He could be eligible for parole this spring because the sentencing was issued Nov. 27. That's because under Canadian law, eligibility for parole typically comes after one-third of the sentence.

“The justice system is so sickening, it’s not even funny,” said Chris Ball’s older brother, Jonathan Ball. “If it was a fair fight, and my brother and him had exchanged words and they decided to have a fistfight, and my brother got the worst of it, what would I say?”

Instead, he said his brother was sucker punched by Marchand, who had experience with mixed martial arts fighting.

“We’re completely destroyed by what happened to my brother, we’re be no means over it, and we’re absolutely disgusted at the kangaroo court — that’s what I call it — of Canada. It’s a joke,” said Jonathan.

Jonathan and his father Ken said that justice would have been a charge of second-degree murder. “I would have liked to have seen a 10-year sentence,” said Jonathan.

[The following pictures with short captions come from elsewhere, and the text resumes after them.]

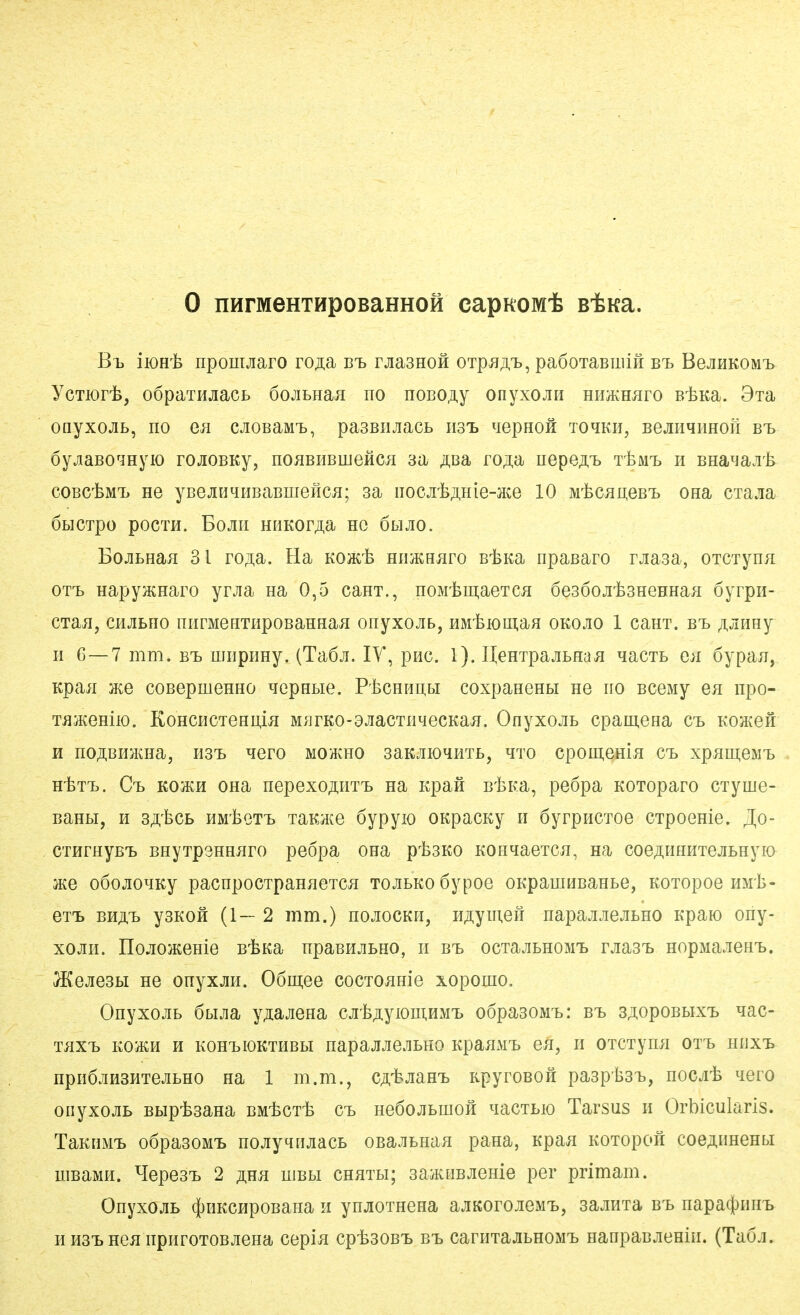 0 nHrMeHTHpOBaHHOH capROMt B*Ka. Bt, iioHt npomjiaro roji:a bt> rjiasHofi OTpjiA'fc, paöoTaBuiiH Bt BejiHKOMT> YcTiort, oopaTHjiacb öojibnaji no noBO,ii,y onyxojiii HiiiKHaro BtKa. Bxa onyxojib, no en cjiOBaMTj, pasBiiJiacb iisi. qepHoii to^kh, BejiHqHHoii bt> oyjiaBO^myio rojiOBKy, noaBEBmefic^ aa jißa> roß^a uepe^T» t^mtd h Bna^ajit coBC'feMi> He yBGJiHqHBaBmeficji; sa iiocji'feAHie-Jice 10 MtcjmeB'B ona cxajia ÖHCipO pOCTH. BOJIII HHKOr^a HC ÖLIJIO. BojiLHaH 31 ro/i;a. Ha Koact HimHaro B'feKa npaBaro rjiasa, OTCTynR OTT> HapyjKHaro yrjia na 0,5 canT., noMtuiiaeTCJi öesooji'fesHeHHaH öyrpii- CTaii, CHjiBHo niirMeHTiipoBaHHaii onyxojib, HMtioman okojio 1 canT. b-l ;i,jiHHy H 6—7 mm. b^b miipiiHy. (Taöji. lY, piic. 1). HeHTpajibHaji qacTB e;i öypaji, Kpaa coBepmeHHO qepHLie. P'fecHHi],bi coxpaHGHbi ne iio BceMy en npo- TijiKeHiio. KoHCHCTeHii,m M^irKO-ajiacTiiqecKajT. Onyxojib cpamena Cb Koacen H no^BHa^Haj hst» qero mohcho saK^mo^HTb, hto cpomenm Cb xpameMTb HtTT». Ci> KOM ona nepexoji.nT'b na Kpafi BlsK.a, peöpa KOToparo ciyme- BaHbi, H s^tcb HM'feQTT» TaKHCG öypyio OKpacKy n öyrpncToe CTpoenie. J[o- CTHrHyB'b BHyTpsHHüro peöpa ona ptsKO KOnqaeTCJi, na coeÄUHHTejiBHyio }Ke oöojioqKy pacnpocTpan^ieTca TOJibKoöypoe oKpaujHBaHbe, EOTopoe HMt- ex'L bhät> ysKOH (1—2 mm.) hojiockh, H^ymeii napajijrejibHO Kpaio ony- xojiH. nojio}KeHie B-feKa npaBHjibHO, n bt> ocTajibHOMT> rjiasT) HopMajenT>. ^ejiesbi ne onyxjin. Oömee cocTOüHie xopomo, Onyxojib ÖLiJia yjiajieHa cjil3;iyioui,nMi, o6pa30MT>: bt. sji.opoBbix'b qac- Tiix'b KOiKH H kohtdIOKtheh HapajiJie.ibHo KpaiiMi, en, ii OTCTymi ott> niixt npiiÖjmsHTeJibHO na 1 m.m., CÄt>JiaHT> KpyroBOH paspts^b, mcjilo qero oiiyxojiB Bbip-fesana BMtcT'fe ct> HeöojiBiiiofi qacTbio Tarsus n Orbicularis. TaKiiM'B odpasoMt nojiyqtijiacB oBa-ubHan pana, Kpaa KOTopoii coeAUHeHbi HiBaMH. ^lepesi. 2 ßßR uibbi CHHTbi; saiKWBJieHie per primam. OnyxojiB ^HKcupoBana ii ynjioTHena ajiKorojieM'b, sajiHxa b^b napa(l)nm> H H3'b HGü npiiroTOBJiena cepi^ cpissoB'b bt> caniTajibHOM'b HanpaBjiemii. (Taoj.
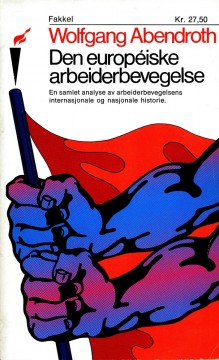 Wolfgang Abendroth: Den europeiske arbeiderbevegelse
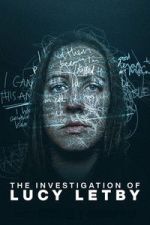 Watch The Investigation of Lucy Letby Movie4k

During the trial, Marchand’s lawyer asked for a sentence of time served plus probation.

“He actually stood in the courtroom and asked for time served,” he said. “Someone was killed over this and these guys are asking for four months time served.”

Jonathan did give credit to the police who handled the case. They tracked down video evidence of the altercation, taken by a bystander, which provided a graphic firsthand account of Chris Ball’s final moments.

“His hand didn’t even come up, he didn’t even make an attempt to protect himself from hitting the ground,” said Jonathan, describing how his brother didn’t see his attacker's final blow in the video.

His father said that without that pivotal piece of video evidence, there might not have even been a trial.

“If there hadn’t have been a video, he would have walked,” said Ken. “The police told us that. We could have charged the guy with assault, and that would have been it. He would have gotten six months or something.”

Chris graduated from Simon Fraser University with a degree in criminology in 1998, and after graduation worked as a counselor to troubled youth in Calgary.

He started his own tiling company, but sold it to work in the oil patch with his brother, Jonathan. He had been working in Northeastern B.C. for seven months when his life was cut short.

“He’s just gone. He died on a dirty street in Fort St. John, and he’s gone. You look at all the things he did in his life, you grew up with him, and he’s your little brother, and you just feel like there’s such a void. I can’t explain it,” said Jonathan.

“I’ll never get over it, it’s always going to be there.”